YVONNE HEISTERMANN: Es ist in der Regel nicht natürlichen Ursprungs, was den Geschmack beeinträchtigt. Und es wird oft mit künstlicher Kohlensäure versetzt - die wirkt im Mund derber als natürliche. Außerdem ist es nicht so gesund wie Mineralwasser.

BRIGITTE-woman.de: Heilwasser dagegen ist natürlichen Ursprungs und sehr gesund ...

YVONNE HEISTERMANN: ... hat aber aufgrund seines hohen Mineralienanteils häufig ein zu starkes Eigenaroma.

BRIGITTE-woman.de: Klingt kompliziert!

YVONNE HEISTERMANN: Ist es aber nicht. Viele Hersteller von natürlichen Mineralwässern bringen übrigens ihre Produkte gleich in drei Varianten auf den Markt: als stilles Wasser, Medium-Wasser und Sprudel. Sie müssen also nur einmal Ihr Lieblingswasser finden und können mit den drei Varianten jeden Wein begleiten.

BRIGITTE-woman.de: Auch ohne eine Sommelière an meiner Seite.

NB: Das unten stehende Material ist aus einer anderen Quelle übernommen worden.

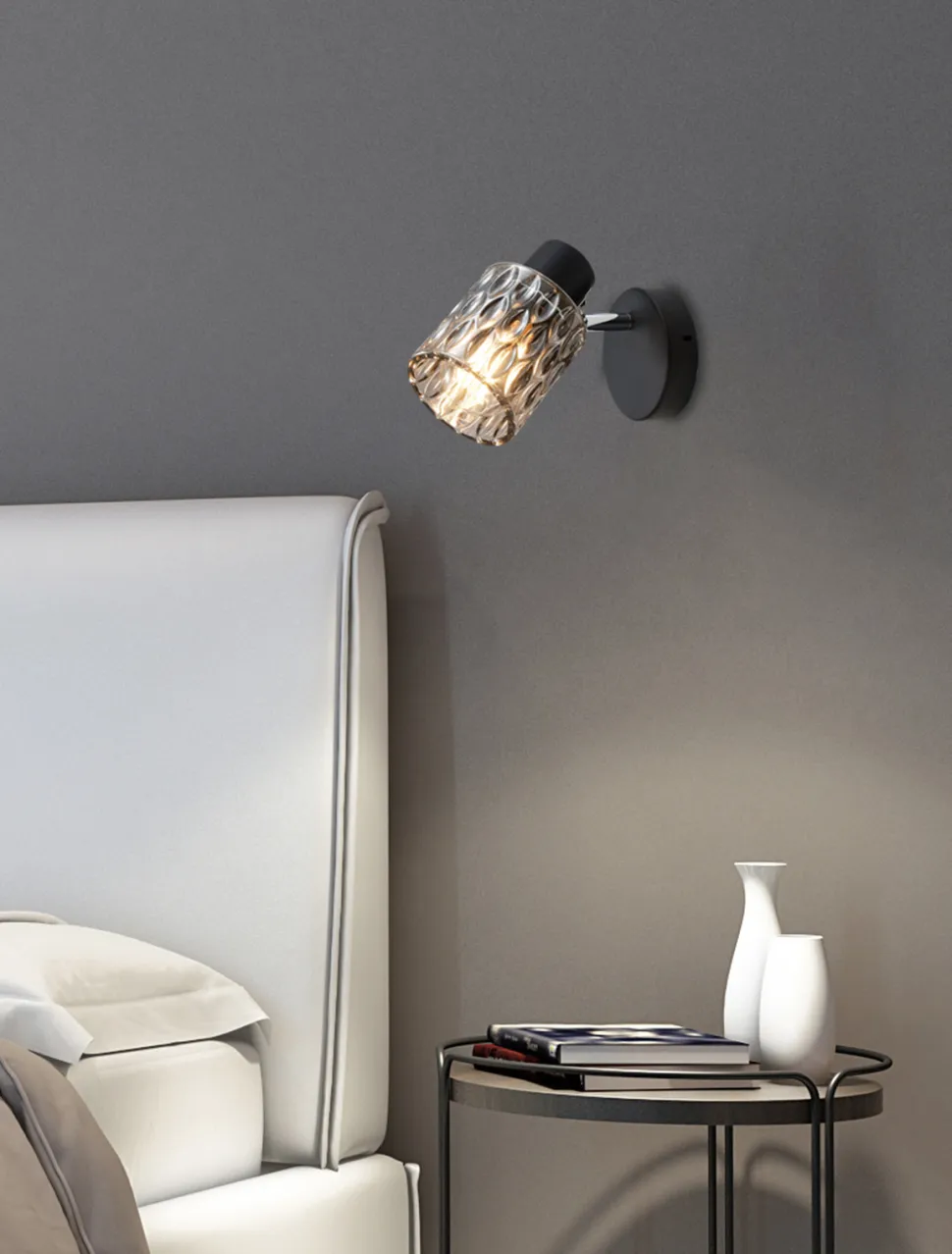 Kinkiet Bill lampa czarny 1x40W E27 klosz dymiony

YVONNE HEISTERMANN: Ja. Übrigens ersetzt ein gutes Mineralwasser in anderer Hinsicht ebenfalls die Sommelière. Falls Sie den Eindruck haben, Ihr Wein habe Kork - gießen Sie einfach einen Schluck davon mit Mineralwasser auf und riechen Sie daran! Das Wasser verstärkt den eventuellen Korkgeruch, so dass Sie ihn selbst als Laie deutlich wahrnehmen können.

BRIGITTE-woman.de: Gibt es nicht ein Wunderwasser, das zu allem passt?

YVONNE HEISTERMANN: Doch. Wenn Sie unsicher sind, etwa, weil Sie den Wein nicht kennen, den Sie anbieten - reichen Sie ein Medium-Mineralwasser dazu. Das ist zwar nicht immer ganz optimal, aber es verfälscht den Wein auch nicht.